Six years after the seminal L’Avventura, Michelangelo Antonioni caused another international feeding frenzy with his Palm d’Or winner Blowup, the story of a disillusioned fashion photographer, Thomas (the great David Hemmings), in ’60s mod London who discovers he’s captured a murder on camera. Antonioni creates a film that questions the politics of its protagonist and, at the same time, challenges the way we watch movies. In many ways, this is the best film ever made about movies, because Antonioni recognizes the fragile nature of celluloid and the need to preserve great images. Which is why the film is to profoundly moving—by film’s end, Antonioni sadly suggests that one day Blowup won’t exist (or mean anything to anyone) if it doesn’t continue to be seen, or if its meaning isn’t blown-up. Thomas is a man who loves women more than he loves money and he is more than happy to disassociate himself from the Vietnam War. “It’s not my fault there’s no peace,” says the photographer, who associates money with freedom and whose images and acquisitions (he buys a wooden plane propeller from an antique store) suggest stalled movement (read: political inaction). The models in the film are no different than the audience at the Yardbirds concert (yes, that’s Jimmy Page and Jeff Beck on stage)—inactive subjects that don’t understand why they’re being photographed or listening to music. Because Thomas is enticed by images that stand still, Antonioni encourages him to move throughout the film. When he accidentally photographs a crime scene at a disturbingly serene park, he’s encouraged to activate a coded narrative via blowups of his photographs. (The chilling interaction of still photographs may be one of the greatest sequences in the history of cinema.) Though Thomas respects movement (he’s repulsed by Vanessa Redgrave’s graceless dancing and he moves around his apartment effortlessly), he certainly doesn’t understand it. As such, his struggle to activate images becomes a fascinating call to arms and an even more interesting evocation of a universal need for self-discovery. Thomas happily engages with a group of mimes throughout the film, but he doesn’t understand them as much as he is enticed by their surface spectacle. Only by film’s end does he understand that an image that isn’t there doesn’t really exist and Blowup daringly suggests that an image without politics isn’t an image at all.

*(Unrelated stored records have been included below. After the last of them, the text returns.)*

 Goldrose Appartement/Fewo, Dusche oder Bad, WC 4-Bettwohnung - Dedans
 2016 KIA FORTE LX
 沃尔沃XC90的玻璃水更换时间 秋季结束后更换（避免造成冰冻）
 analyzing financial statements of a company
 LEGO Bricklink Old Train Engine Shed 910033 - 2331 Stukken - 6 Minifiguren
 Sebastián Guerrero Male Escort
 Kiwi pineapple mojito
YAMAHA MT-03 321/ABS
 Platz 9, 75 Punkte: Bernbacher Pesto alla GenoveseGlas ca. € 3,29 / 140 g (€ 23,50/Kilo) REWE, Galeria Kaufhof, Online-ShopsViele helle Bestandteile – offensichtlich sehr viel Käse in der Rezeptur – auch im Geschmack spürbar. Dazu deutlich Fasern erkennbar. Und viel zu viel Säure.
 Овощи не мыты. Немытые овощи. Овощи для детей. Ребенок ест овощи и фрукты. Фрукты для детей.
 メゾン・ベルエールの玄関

Blowup has never looked this ravishing. Released in 1966, the film doesn't look a year over 1975. Except for some minor edge enhancement and a small hair trapped on screen for a few seconds near Vanessa Redgrave's crotch (for those who care, that's about 57:23 minutes in), this is a virtually spotless transfer. Sound was every bit as important to Antonioni as his images, but Blowup's eerie sound design is inconsistently evoked here. The good: the wind in the park, the splish-splash sound of film being developed, the mime's tennis game, and the wooden propeller hitting the concrete pavement. The bad: since dialogue wasn't recorded very well, you may have to pump up the volume.
Because the film's score and songs are every bit as classic as Antonioni's images, Warner Home Video has generously provided a music-only track. Equally generous is Indiewire's Peter Brunette, who shares his thoughts on a scene-specific audio commentary. Though he says he's hesitant to explain the meaning of the film's "merry makers," it's easy to tell which critical interpretations he favors. Blowup is one of the most discussed works in film history and Brunette covers all bases. Most enlightening is Brunette's analysis of the way Antonioni foregrounds himself into the film via his framing, which he suggests is in constant conflict with that of Hemmings's character. For Antonioni fans, this is a must-listen. Also included here is the film's teaser and theatrical trailer. (Warner Home Video will release Blowup in conjunction with Luchino Visconti's masterpieces The Damned and Death in Venice.)
Great sound. Excellent image. Crucial commentary. A must-have.